比較項目Business CentralDynamics 365 Finance
主な対象中小規模組織複雑な財務を持つ組織
製品範囲財務・販売・業務を統合財務管理を中心とする
製造プランによって対応Supply Chain Managementと組み合わせ
導入規模比較的限定しやすい大規模になりやすい
選定基準一体型の業務管理高度な財務・法人管理

企業規模だけでなく、会社数、取引量、国際要件、業務の複雑さで比較してください。

15.4 Dynamics 365を導入すればCRMとERPは自動的に連携しますか

同じDynamics 365製品群であっても、必要なデータが自動的にすべて統合されるわけではありません。

顧客、商品、注文、請求などについて、どのシステムを正式な情報源とするかを決めます。そのうえで、デュアルライト、Dataverse、コネクタ、APIなどから適切な連携方法を選択します。

連携時は、更新方向、実行頻度、権限、エラー対応も設計してください。

15.5 Dynamics 365と他社ERPは何を比較すべきですか

機能数や製品知名度だけでなく、必須業務への適合、標準化、データ移行、外部連携、操作性、導入体制、運用保守、長期的な総費用を比較します。

Microsoft製品との連携はDynamics 365の評価項目になりますが、自社の必須業務を満たせなければ導入目的は達成できません。

共通の評価表を作成し、同じ業務範囲、利用者数、移行条件、保守期間で候補製品を採点してください。

おわりに

Dynamics 365とERPの違いは、Dynamics 365がマイクロソフトの具体的な業務アプリケーション群であり、ERPが基幹業務を統合するシステム分類である点にあります。そのため、Dynamics 365とERPは完全に対立する選択肢ではありません。

Dynamics 365の中には、Business Central、Finance、Supply Chain ManagementなどのERP製品があります。
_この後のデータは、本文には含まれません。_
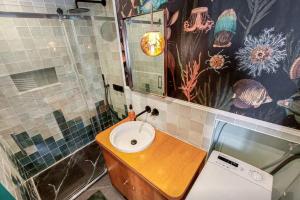 La salle de bains est pourvue d'un lavabo et de toilettes. dans l'établissement Maison T2 avec patio, à La Rochelle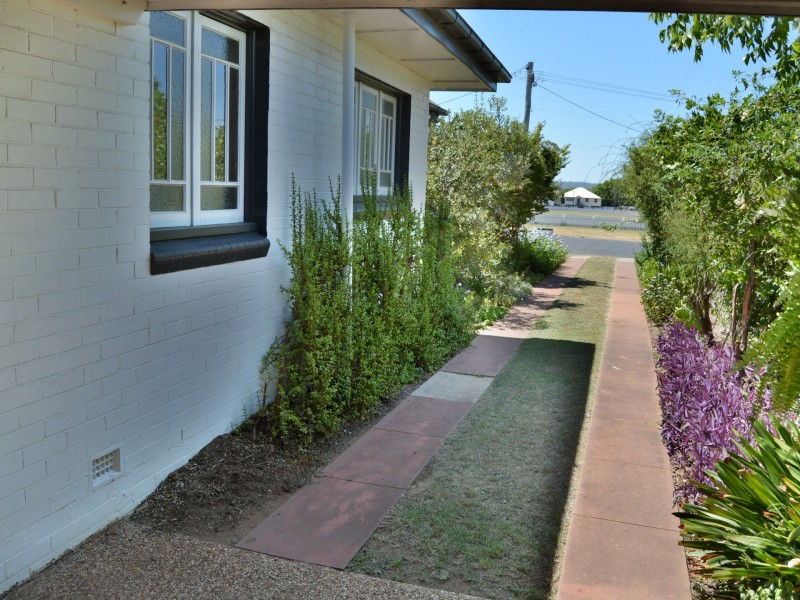 32A Pratten Street, Warwick QLD 4370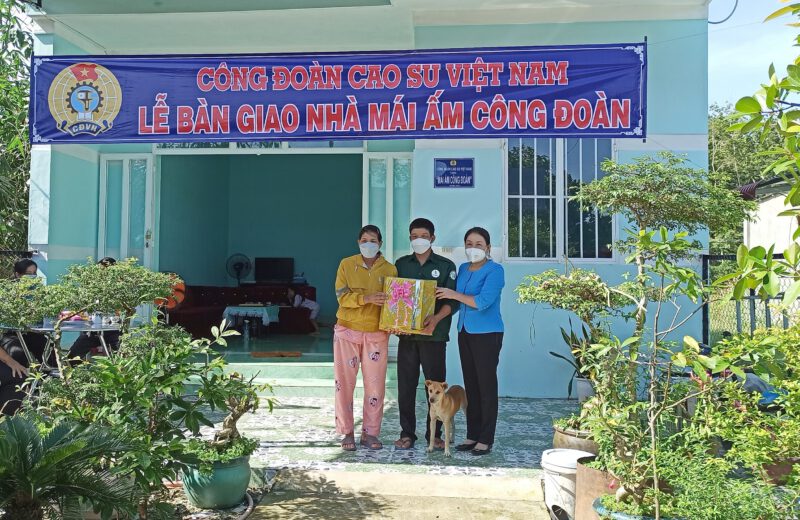 Công đoàn Cao su Việt Nam tặng “Mái ấm Công đoàn” cho công nhân nông trường Cao su Minh Hòa
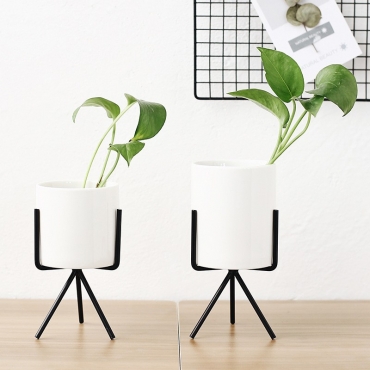3 stand pots - 4 3 stand pots - 4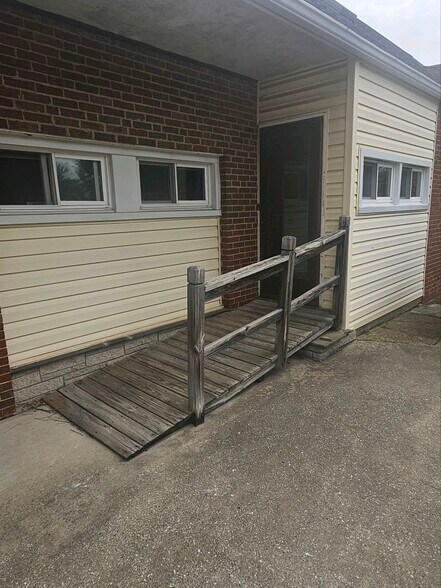 More Photos Of 7100 German Hill Rd, Baltimore Office For Lease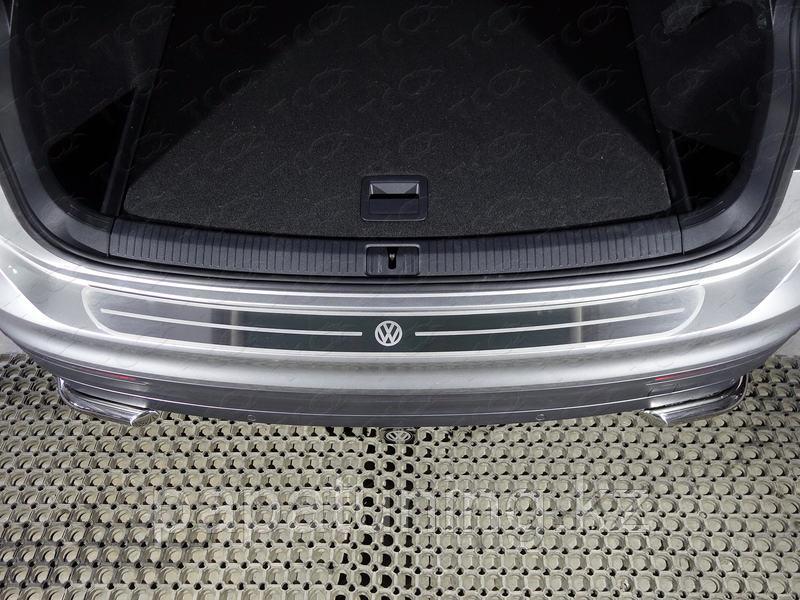 Накладка на задний бампер (лист шлифованный логотип VW) ТСС для Volkswagen Tiguan 2017-2021 - фото 1 - id-p108852330
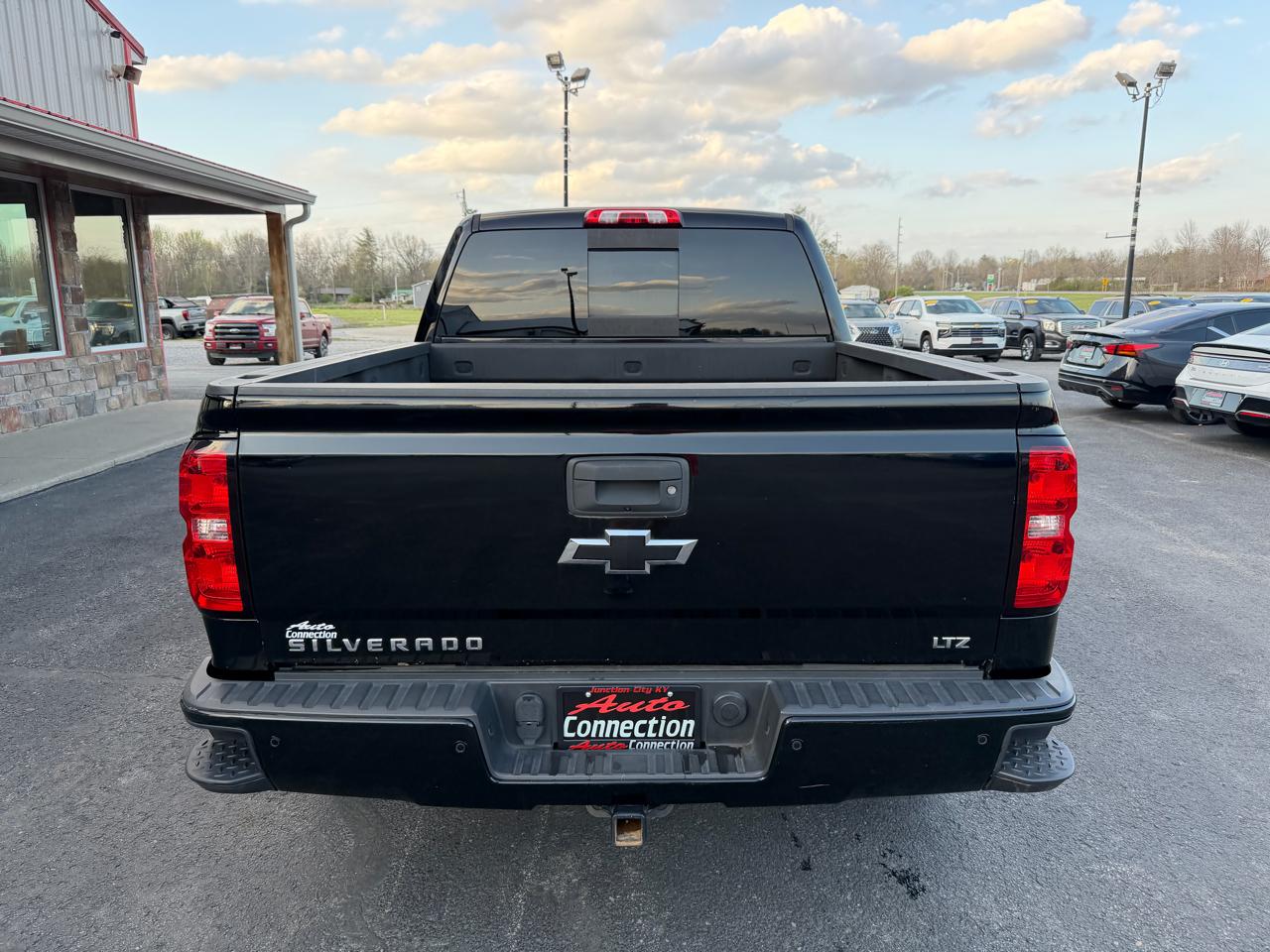 Chevrolet Silverado 1500 4WD Crew Cab 143.5" LTZ w/2LZ 2015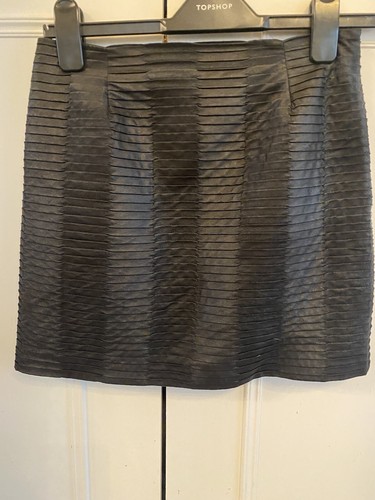 Faux Leather Mini Skirt - size Small. - Picture 5 of 7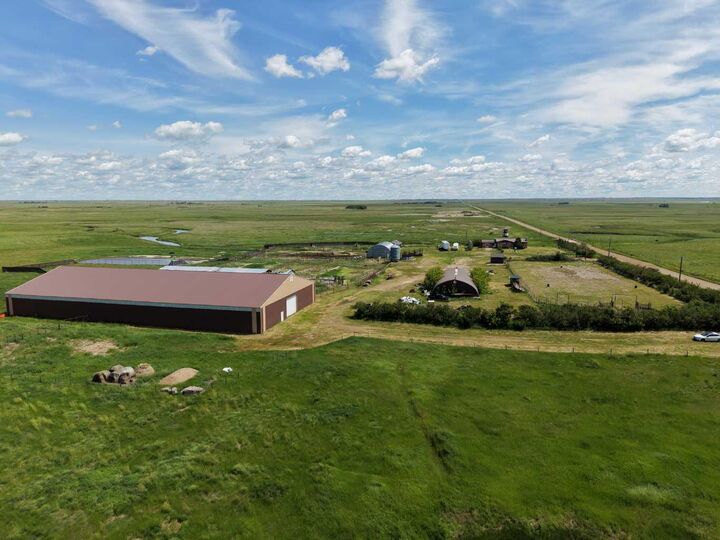 Property Photo: 14446 Township Road 302 AB T0J 1P0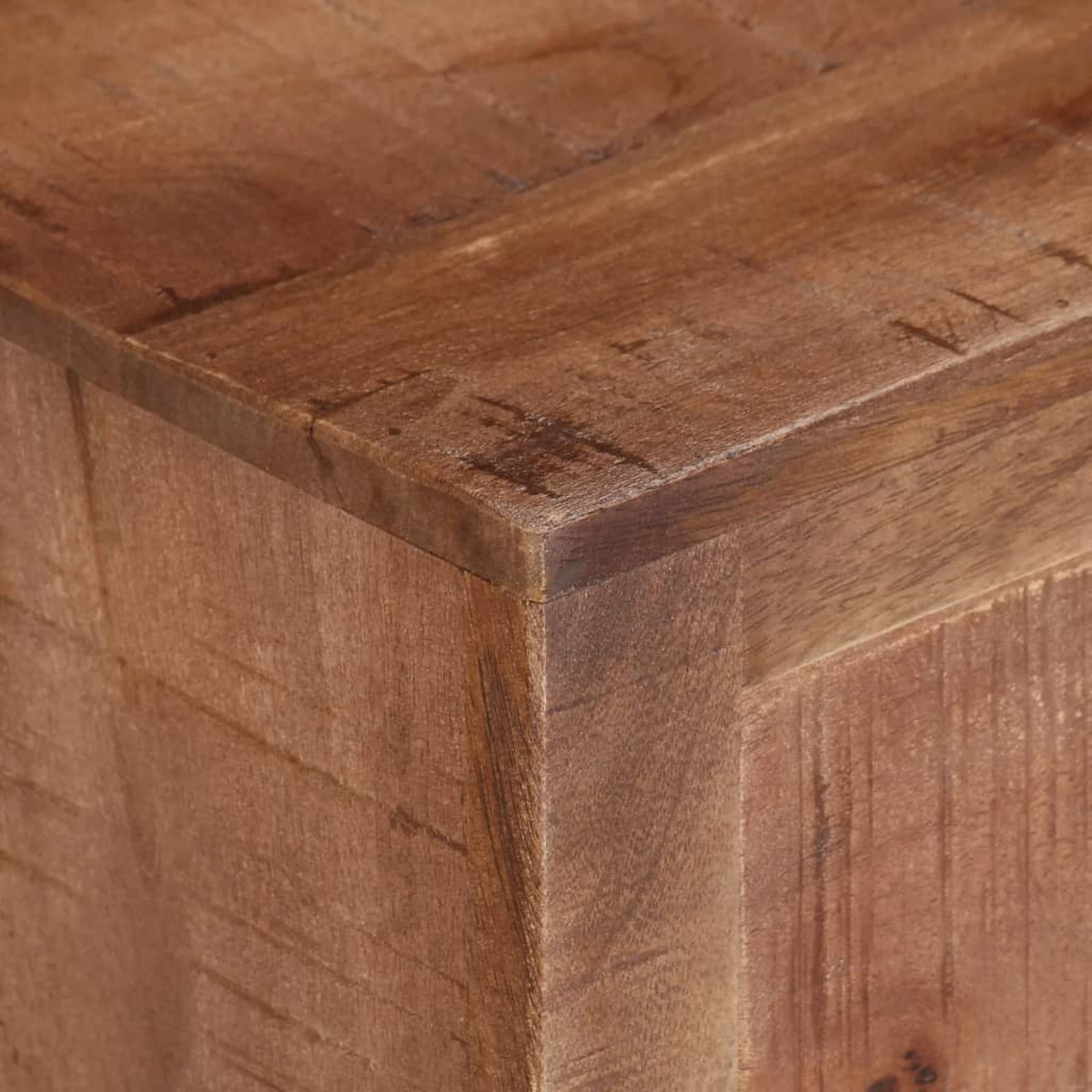 Nahaufnahme einer Holzecke, die Maserung und Konstruktionsdetails zeigt.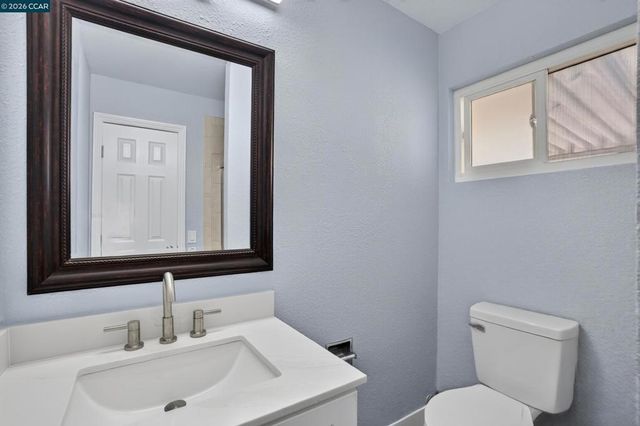 23273 Marsh Creek Rd, Brentwood, CA 94513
同時に、SalesやCustomer ServiceなどのCRM製品も存在します。営業から受注、在庫、請求、顧客対応までを連携したい企業は、複数のDynamics 365アプリケーションを組み合わせる構成を検討できます。

一方、会計や販売管理だけを小規模に導入したい企業、業界固有の機能が多い企業、Microsoft以外の基盤を中心に利用している企業は、他社ERPや業界特化型製品も比較する必要があります。

製品名から選ぶのではなく、改善したい業務、必要な機能、標準化できる範囲、移行するデータ、運用体制を明確にしてください。そのうえで、Dynamics 365の具体的な製品と他社ERPを同じ条件で比較することが、適切な導入判断につながります。